Too often […] the notion of good English has less to do with expressing ideas clearly than with making words conform to some arbitrary pattern. — Bill Bryson, Troublesome Words
Damn it, man, I’m a proofreader, not an editor!
That’s Star Trek… Never mind.
A lot of people think the terms ‘proofreading’ and ‘editing’ are synonymous, but they are actually different things. For the Society for Editors and Proofreaders’ explanation of proofreading, visit their page here. Additionally, here is what they say about why you need a proofreader.
Basically, a proofreader performs a final quality check on work before it goes to publication. The job of a proofreader is to find and correct errors left over from editing, not to make the content better. A sample of a basic proofread checklist:
- Consistency (in design, typography, spellings, etc.)
- Adherence to house design (if supplied)
- Misused/confusable words
How much intervention is required will be partially up to the author’s/publisher’s brief and deadline, as well as any typesetting costs to the client. The majority of clients are self-published authors or small/indie publishing houses, who are less bound by many of the factors that would apply with a large publisher. In other words, self-published authors have less to worry about!
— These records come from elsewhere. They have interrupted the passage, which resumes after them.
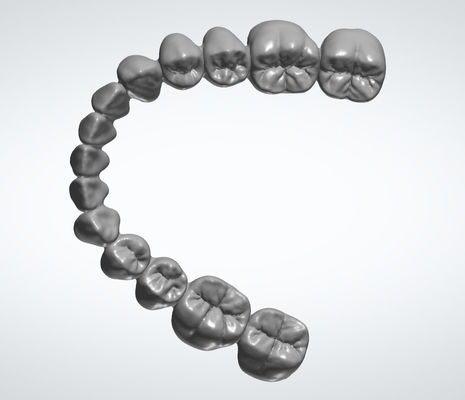 Buen precio Servicio de diseño dental de restauración EXO Diseño de interiores de coronas dental en línea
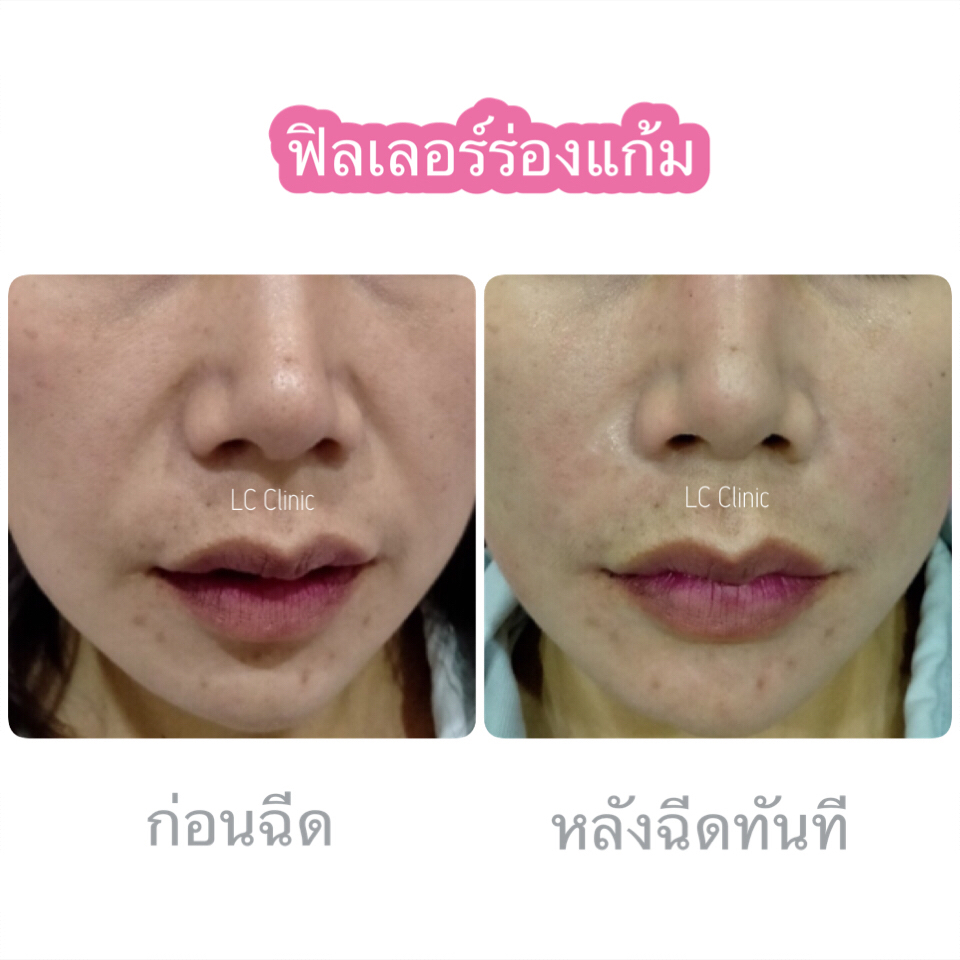 LC Clinic คลินิกฉีดฟิลเลอร์ นครราชสีมา บริการตามหลักเวชศาสตร์เสริมความงามชั้นนำ - 2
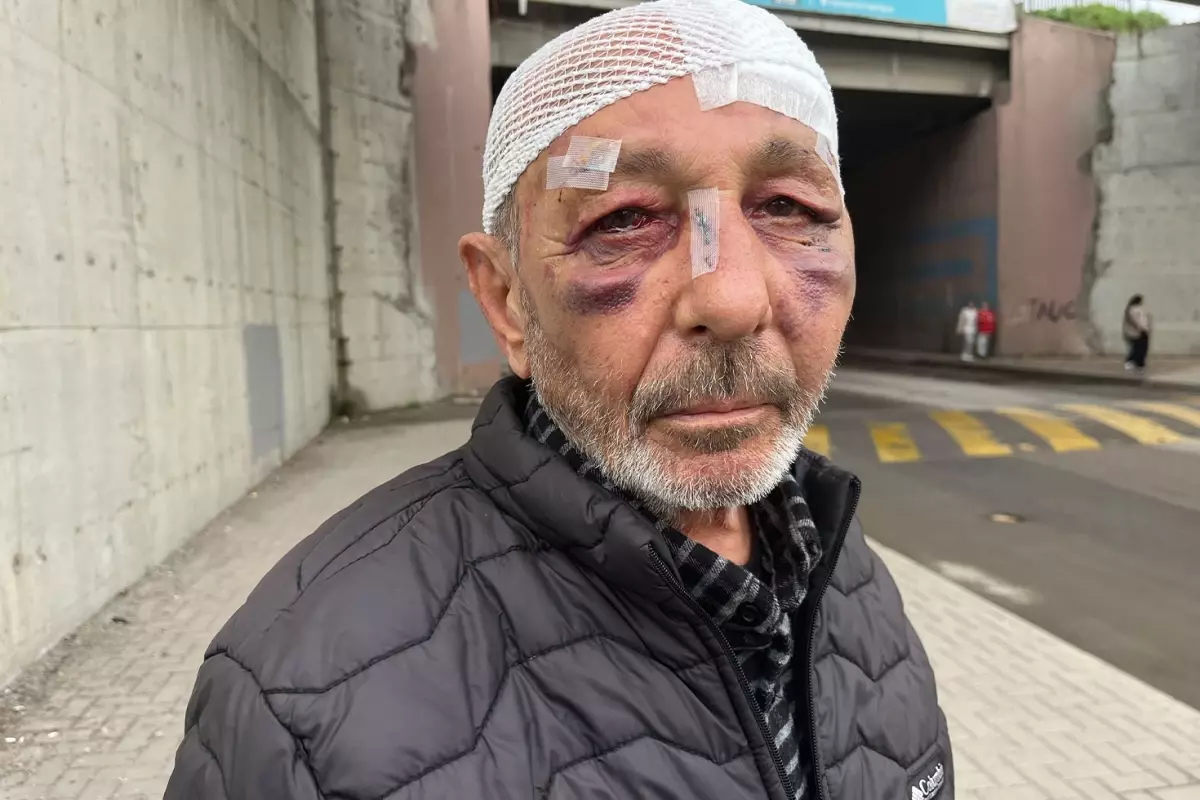 Çakmak istediler verdi, sonrasında bu hale geldi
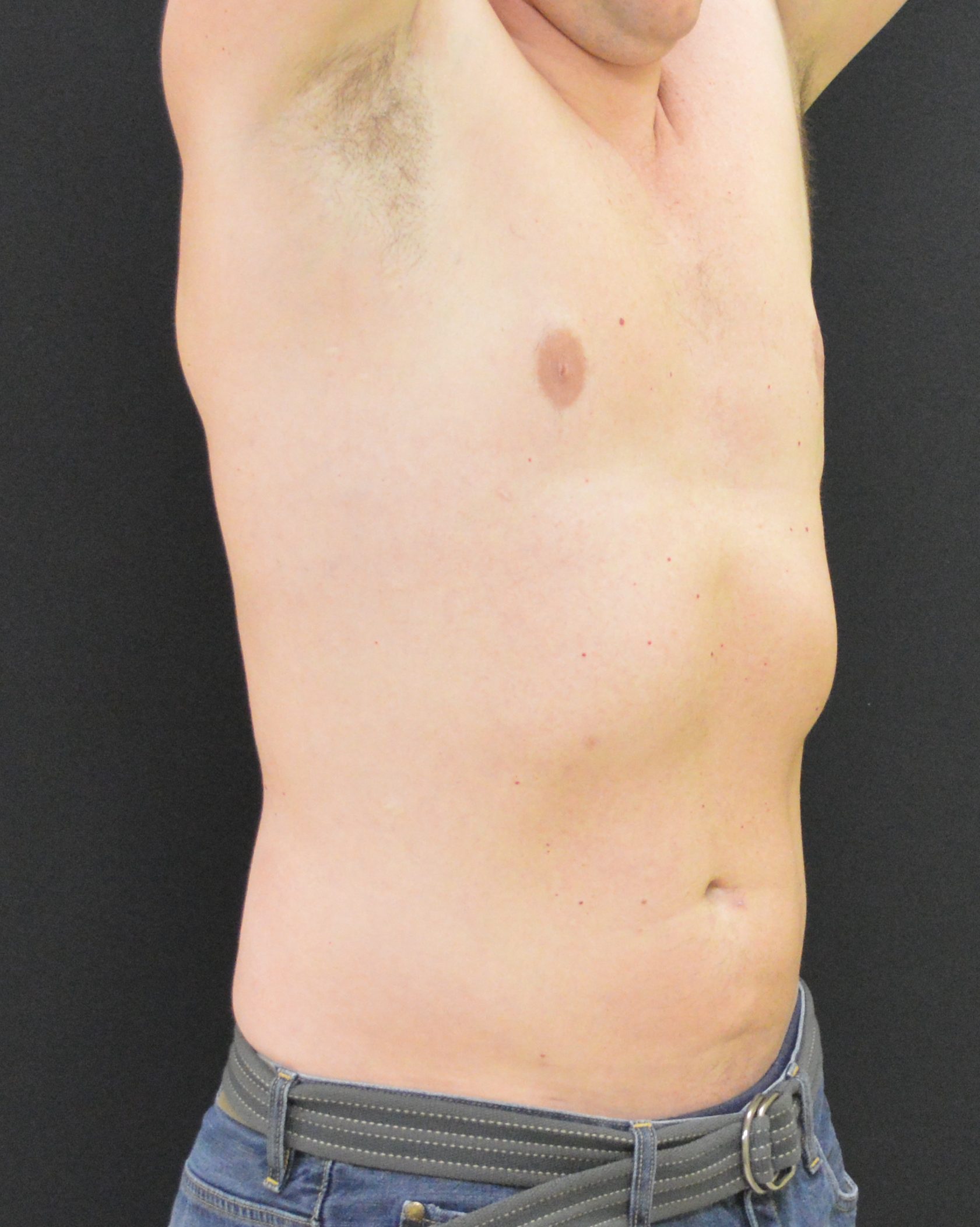 Liposuction Patient Photo - Case 12147 - after view-1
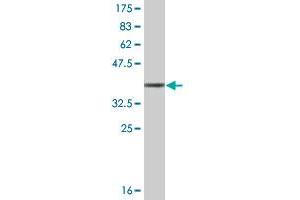 Western Blot detection against Immunogen (36. (TNNT3 antibody  (AA 161-258))
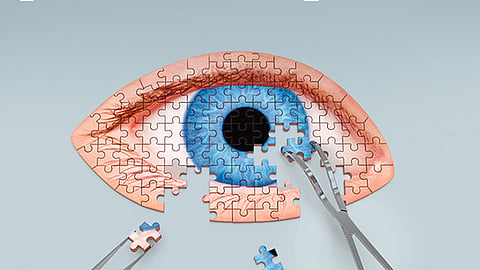 Foto Ilustrativa (Facebook: 
@clinicadeojosmty)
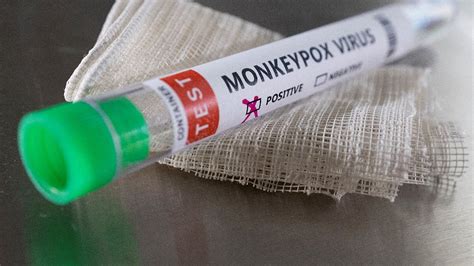 Centre issues guidelines for management of Monkeypox: Details here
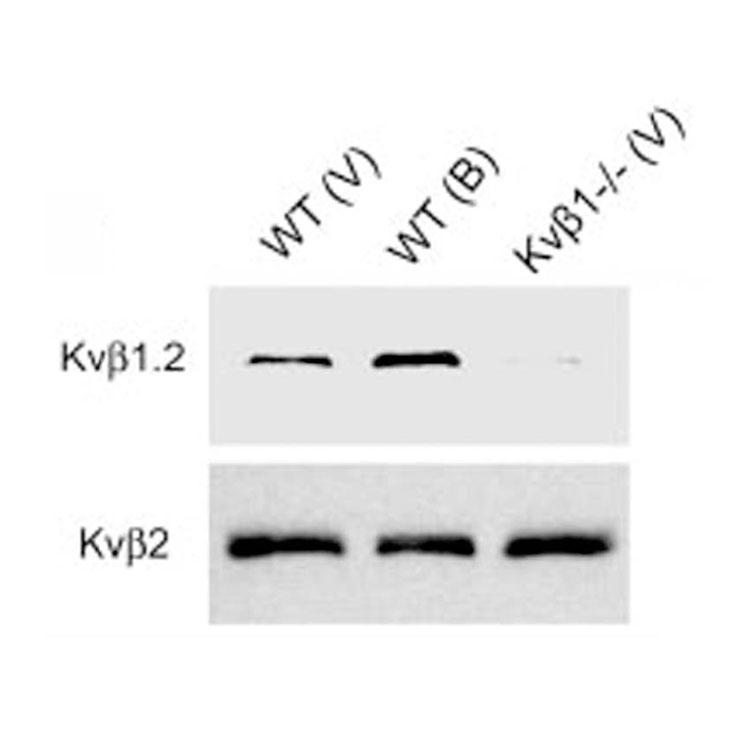 Immunoblot of crude membrane fractions from adult heart ventricle (V) and brain (B) from wild-type (WT) and Kvß1 knockout (Kvβ1) mice probed with K47/42 (Kvβ1.2, top) and K17/70 (Kvβ2, bottom). Data courtesy of Jeanne Nerbonne, Washington University SOM. Reproduced with permission from 2005 Aimond et al. Circ Res.
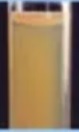 Dyslipidemia3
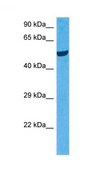 Anti-CALCRL antibody produced in rabbit affinity isolated antibody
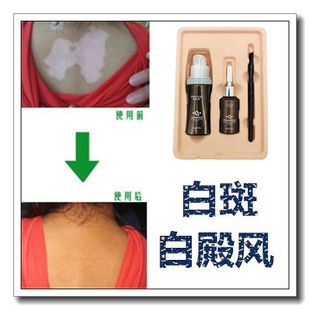 白殿风外用修护膏白斑净药膏白班修复液祛遮盖液霜剂遮瑕笔防水型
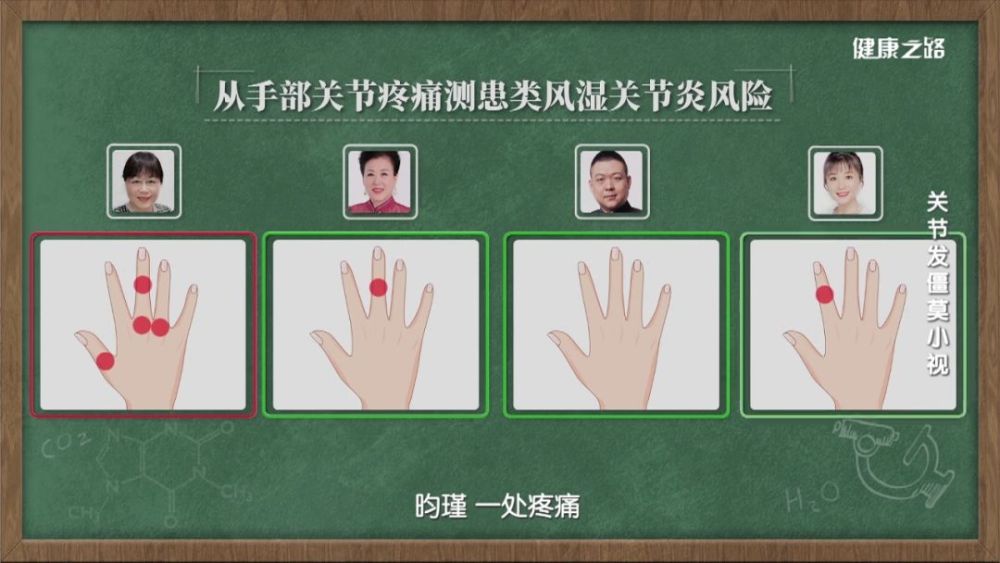 类风湿关节炎常表现为手部关节有压痛感,疼痛位置处于近端指间关节,掌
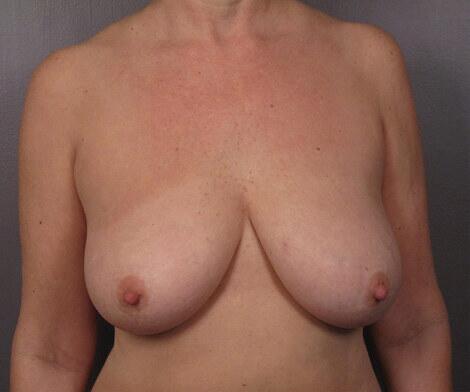 Breast Lift before photo
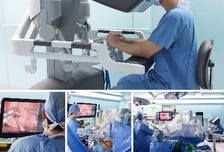 H+양지병원, 로봇수술로 정상보다 12배 더 큰 '거대 전립선' 제거 성공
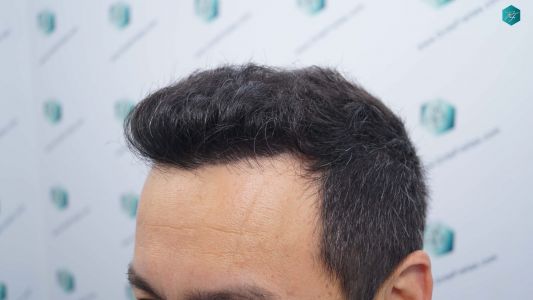 Injerto Capilar Técnica FUE Grafts 4.516 (11.888 Pelos) 28 30 RESULTADOS A LOS 12 MESES
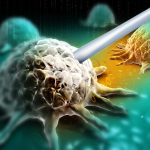 Mobilizing an Immune Response in Metastatic Prostate Cancer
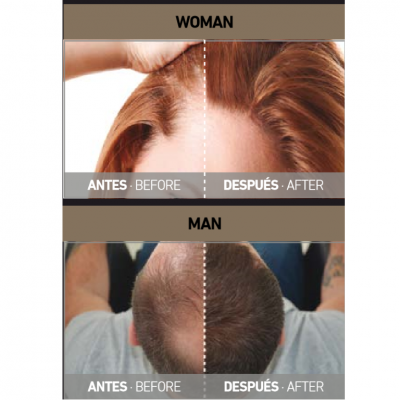 Comparação antes e depois de tratamento capilar para mulher e homem com texto em inglês e espanhol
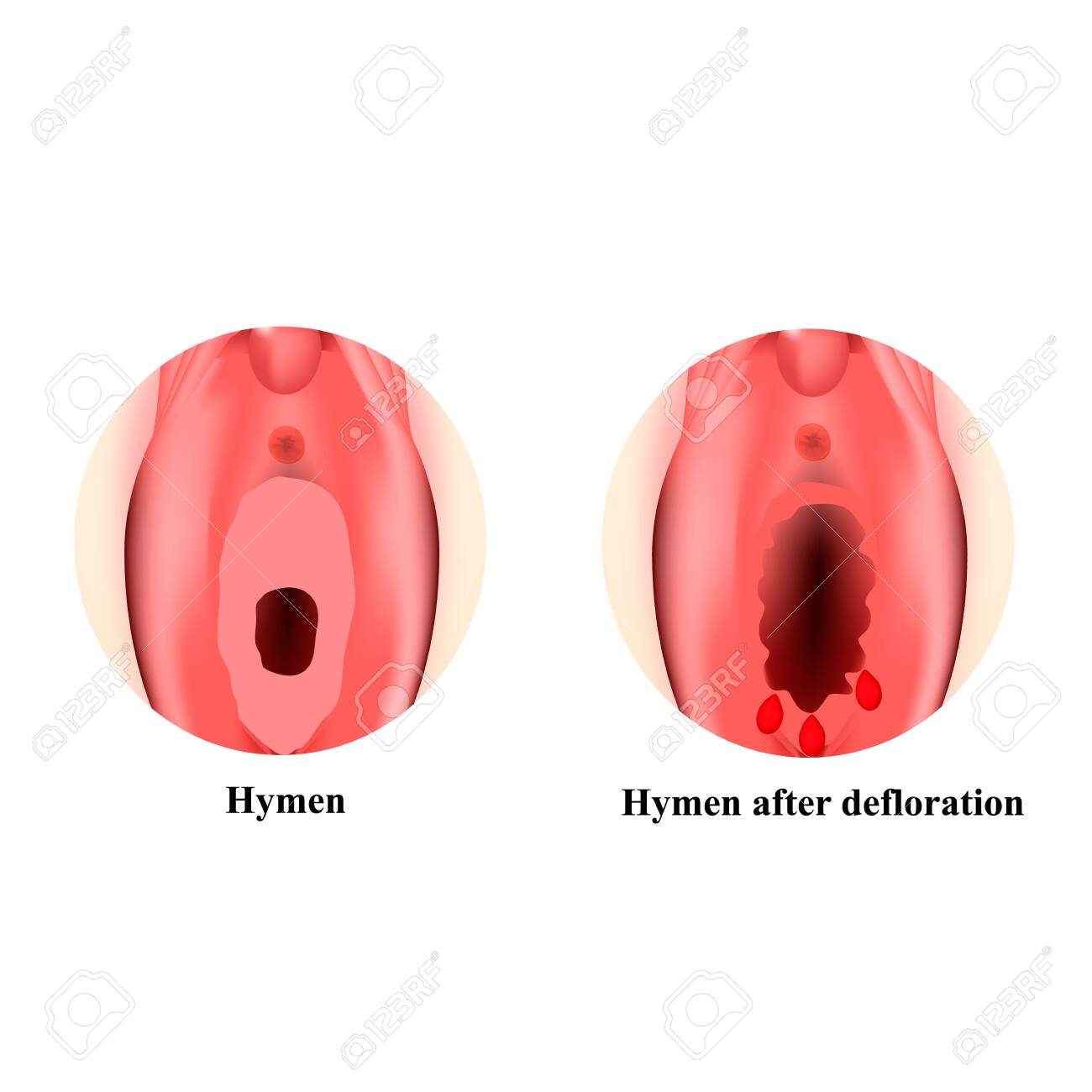 医学ビデオ 処女膜 外陰部の処女膜の構造。閉経形成術。脱食後の処女膜。女性の生殖器。インフォグラフィックス。分離された背景上のベクターの図。のイラスト素材・ベクター  Image 138240753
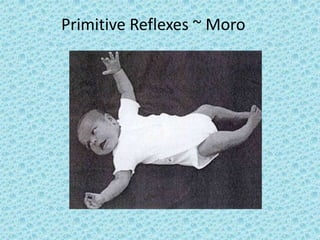 Primitive Reflexes ~ Moro
 
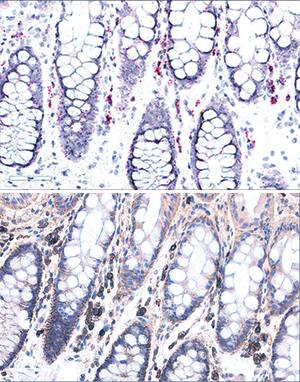 <b>Orthogonal Strategies Validation. </b>Syndecan-1/CD138 mRNA was detected in formalin-fixed paraffin-embedded tissue sections of human colon probed with ACD RNAScope®Probe (Catalog # 416961) and stained using ACD RNAscope®2.5 HD Duplex Detection Reagents (red, Catalog # 322500). Adjacent tissue section was processed for immunohistochemistry using R&D Systems Rat Anti-Human Syndecan-1/CD138 Monoclonal Antibody (Catalog# MAB2780) at 0.5 ug/mL for 1 hour at room temperature followed by incubation with the Anti-Rat IgG VisUCyte HRP Polymer Antibody (R&D Systems, Catalog # VC005) and DAB chromogen (brown). Tissues were counterstained with hematoxylin (blue).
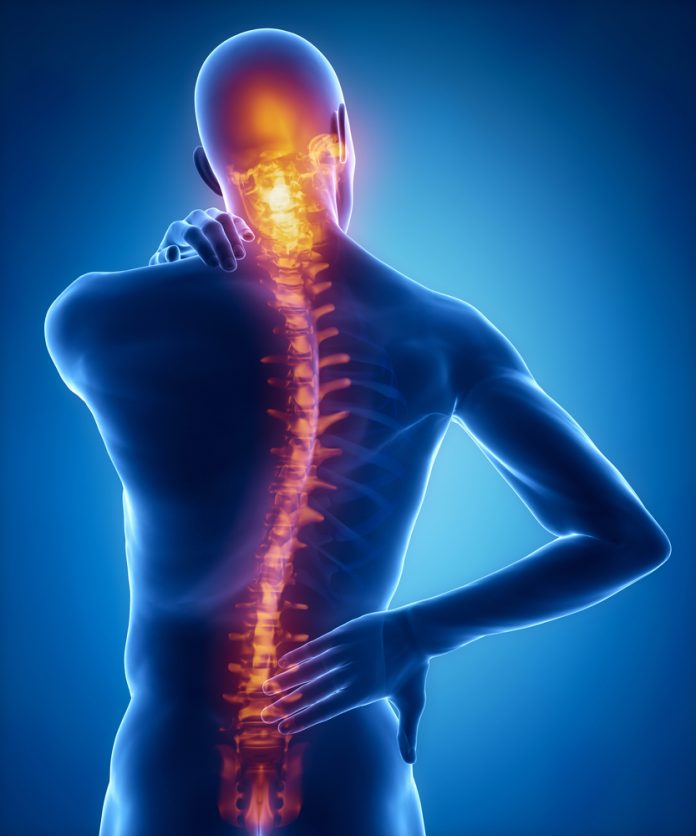 Natural treatments for scoliosis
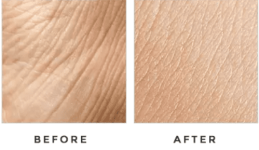 Derma%20Glo%20Skin1.png?part=0.png Derma%20Glo%20Skin1.png?part=0.png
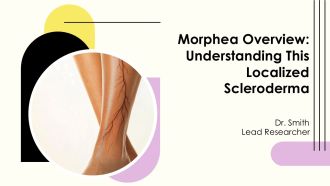 Morphea Overview Understanding This Localized Scleroderma PPT Graphics AT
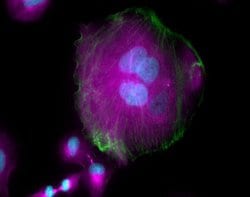 Invitrogen Donkey anti-Mouse IgG (H+L) Highly Cross-Adsorbed Secondary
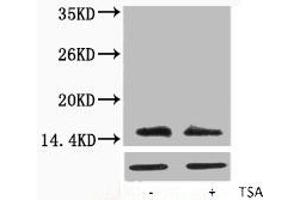 Western blot analysis of extracts from Hela cells, untreated (-) or treated, 1:5000. (H2AFX anticorps  (acLys5))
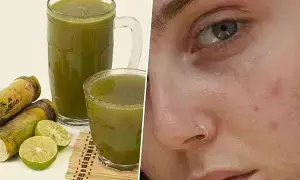 Sugarcane Juice: చెరుకు రసంతో.. మొటిమలకు ఇలా  చెక్ పెట్టండి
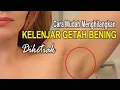 Download Lagu Cara mengobati Pembengkakan Kelenjar Getah Bening di Ketiak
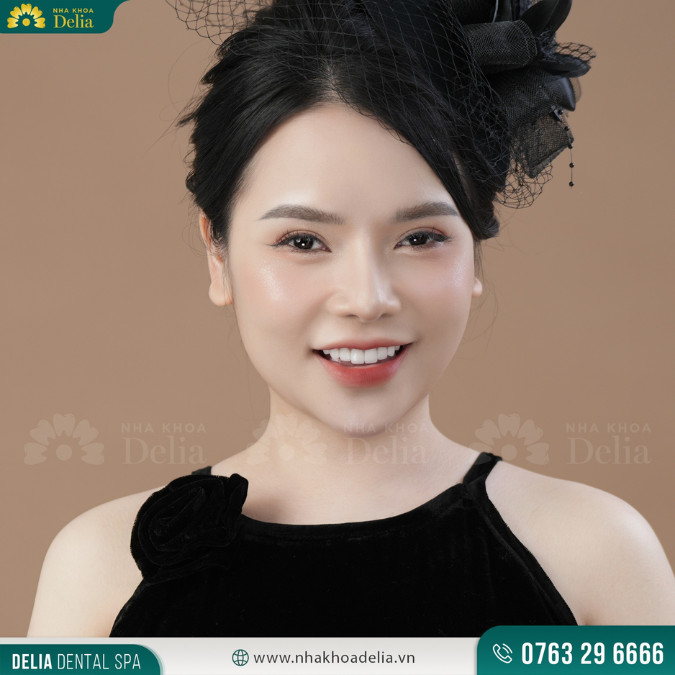 Tôi thực sự bất ngờ với sự chuyên nghiệp và nhẹ nhàng của các bác sĩ tại Nha khoa Delia - Chị Thủy Nguyễn chia sẻ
Many self-published authors think that they don’t need a proofreader so long as they go over their work enough times. This is a big mistake. I published my own first book, after perhaps 15 edits over many years, without a proofreader. As I said: big mistake. No sooner had I received the proof copy than I started finding small errors. Just because we can update it as much as we want doesn’t mean we should. It should be as error-free as possible right from the start, and that means a proofreader. A proofreader is more than worth the cost, and any serious writer/author should be putting the pennies away for it from the second they put pen to paper or finger to keyboard.